13 Kasım 2017 gecesi San Siro'da, bugün artık 40 yaşında olan Gigi Buffon'un gözyaşları birçok futbol takipçisini etkilemişti. Buffon, kariyerinde bir Dünya Kupası şampiyonluğu bulunmasına rağmen ülkesi İtalya'nın 60 yıl sonra ilk kez bir Dünya Kupası'nda yer alamamasına üzülüyordu. Milli takım kariyerini belki de son bir turnuva ile kapatacaktı, olmadı.

Kendi ülkesi son 64 yılda 2 kez Dünya Kupası'nda boy göstermiş birisi olarak benim 4 yılda bir düzenlenen bu futbol panayırında desteklediğim takım hep İtalya oldu. 2002'de hem Türkiye'yi hem de İtalya'yı desteklemiştim. 2006'daki şampiyonluk coşkusunu 2010 ve 2014'te gelen peş peşe hüsranlar takip etmişti. İtalya futbolu milli takım bazında 2010'larda yaşadığı krizi play-off'ta İsveç'e elenerek zirveye ulaştırmıştı.

İtalya'da yaşı kemale eren belli bir kesim dışında çoğu kişi bu yaz takımsız kalacak. Tabi onlara uzaktan sempati duyan benim gibi takipçiler de. Fakat Dünya Kupası takım tutmadan da izlenmiyor.

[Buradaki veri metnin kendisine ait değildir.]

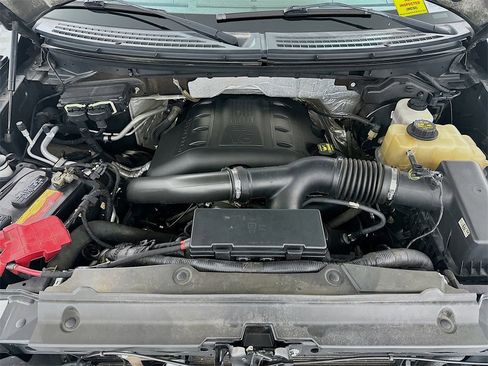 Used 2013 Ford F150 Lariat w/ Luxury Equipment Group image 32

Hele ki ülkesi çok ama çok nadir katılıyorsa başka sevdalar aramanın derdine düşüyor insan.

İtalya'nın geçmişte direkt mücadele ettiği takımlar olması sebebiyle Almanya, İngiltere, İspanya, Brezilya, Arjantin gibi ülkeleri desteklemek içimden gelmiyor. EURO 2016'da İtalya'nın yanında İzlanda'yı tutmuştum. Onların romantizmini tadında bırakmak lazım diye düşünüyorum. Rusya'da 32 takım içinde benim açımdan öne çıkan 3 ülke var. Tekle yetinemedim her zamanki gibi. Önem sırasına göre o takımlar şöyle:

Mısır

Efsanevi bir sezonu geride bırakan Muhammed Salah'ın ülkesini desteklemeden olmazdı. Her ne kadar güzel sezonu Sergio Ramos'un terörüne maruz kalarak gözyaşlarıyla noktalasa da Kral, ülkesine önderlik edebilecek. Bizim toprakların tanıdık siması Trezeguet'nin de varlığını düşününce Mısır en öne çıkan ülke oldu benim nazarımda. Tsubasa ve arkadaşlarına başarılar.



Uruguay

1900'lü yılların ilk yarısındaki büyük başarılarından sonra 2010'lu yıllarda yeniden üst düzey bir jenerasyon yakalamış olan Uruguay'ın bir kere eldivenleri Galatasaray'ın büyük yüreği Muslera'ya emanet. Onu yabana atamazdım. Suarez ve Cavani de Avrupa da en beğendiğim hücum oyuncuları arasında üst sıralarda olunca ikinci adresimi bu güzel Güney Amerika ülkesi olarak belirledim.



Senegal

Yine Liverpool damarım kabardı ve Mane'nin olduğu Senegal'i de es geçemedim. Tarihlerindeki tek deneyim olan 2002'de yaptıkları ile akıllarda yer eden Senegal yine başarılı bir ekiple ikinci kez Dünya Kupası havası soluyacak. Süper Lig'in tanıdık yüzleri Alanyasporlu Gassama, son olarak Bursaspor'da izlediğimiz ve Fenerbahçe ile özdeşleşen Sow, Osmanlıspor ve Galatasaray macerası yaşayan Badou Ndiaye ile eski Bursaspor ve Eskişehirsporlu Alfred N'Diaye burada. Ayrıca Gueye, Kouyate, Niang ve Balde de heyecan veren futbolcular. E tabi bir de 2002'nin kaptanı Aliou Cissé bu kez teknik adam olarak takımıyla birlikte. Yolları açık olsun.